======== Information given ========

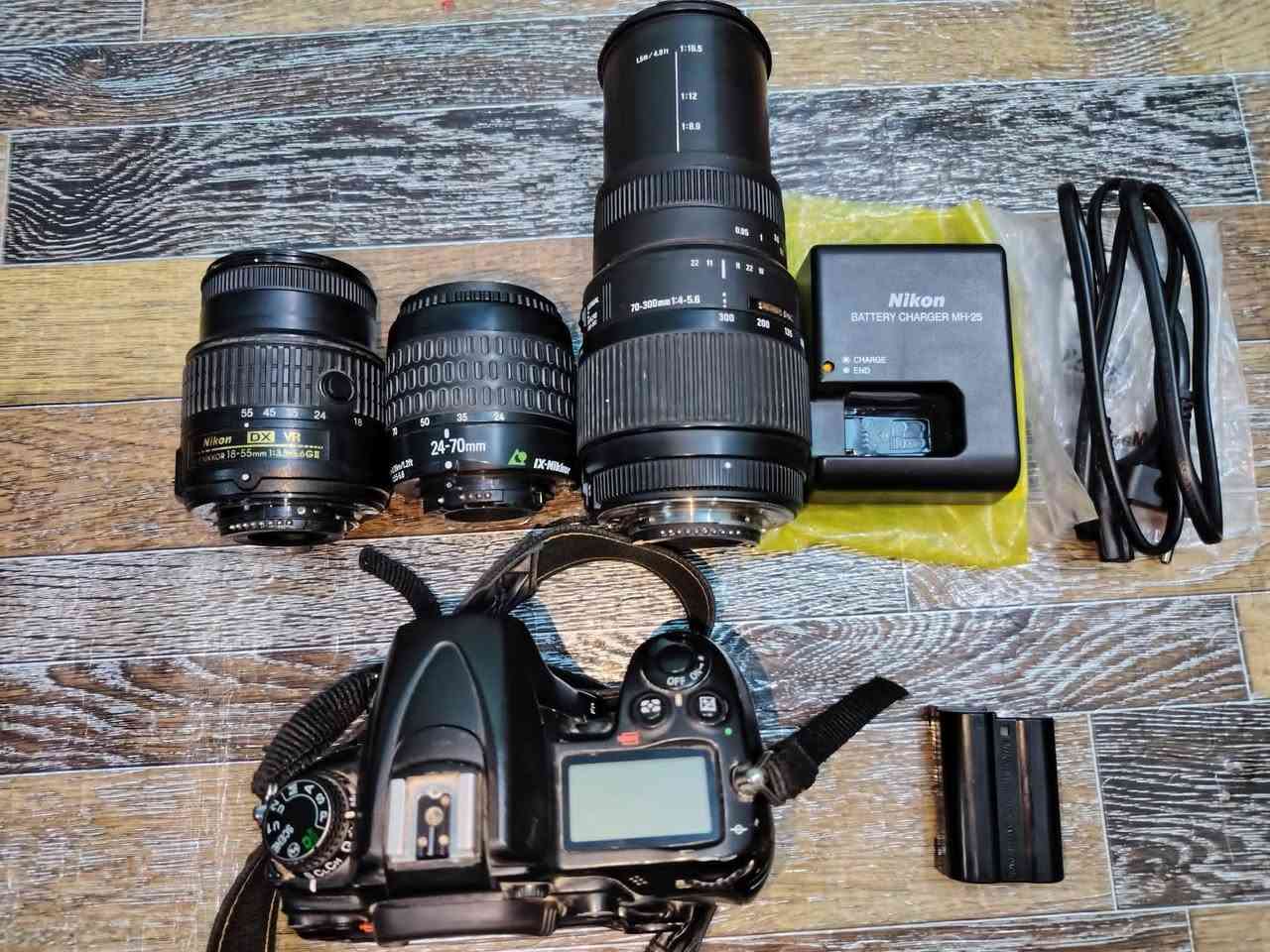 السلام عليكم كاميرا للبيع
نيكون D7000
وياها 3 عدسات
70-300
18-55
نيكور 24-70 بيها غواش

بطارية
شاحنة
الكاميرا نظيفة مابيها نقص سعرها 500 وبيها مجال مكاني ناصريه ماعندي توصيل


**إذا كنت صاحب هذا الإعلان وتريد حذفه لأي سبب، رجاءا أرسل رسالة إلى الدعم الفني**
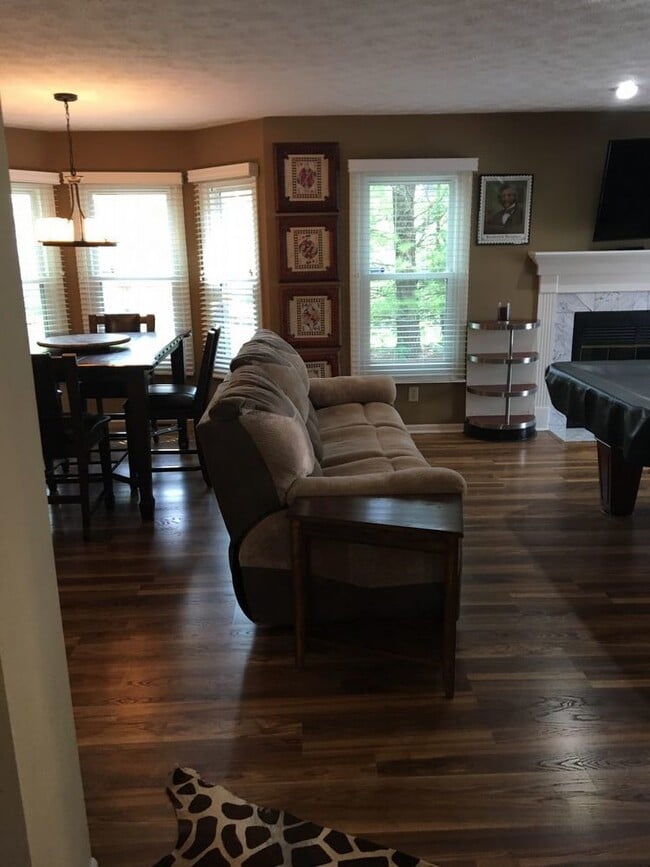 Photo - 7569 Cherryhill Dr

========

Problem description> Give back exactly the lines from the opening of the listing through the line holding "إلى الدعم الفني**", both ends included, with every picture omitted.

Written response>
 السلام عليكم كاميرا للبيع
نيكون D7000
وياها 3 عدسات
70-300
18-55
نيكور 24-70 بيها غواش

بطارية
شاحنة
الكاميرا نظيفة مابيها نقص سعرها 500 وبيها مجال مكاني ناصريه ماعندي توصيل


**إذا كنت صاحب هذا الإعلان وتريد حذفه لأي سبب، رجاءا أرسل رسالة إلى الدعم الفني**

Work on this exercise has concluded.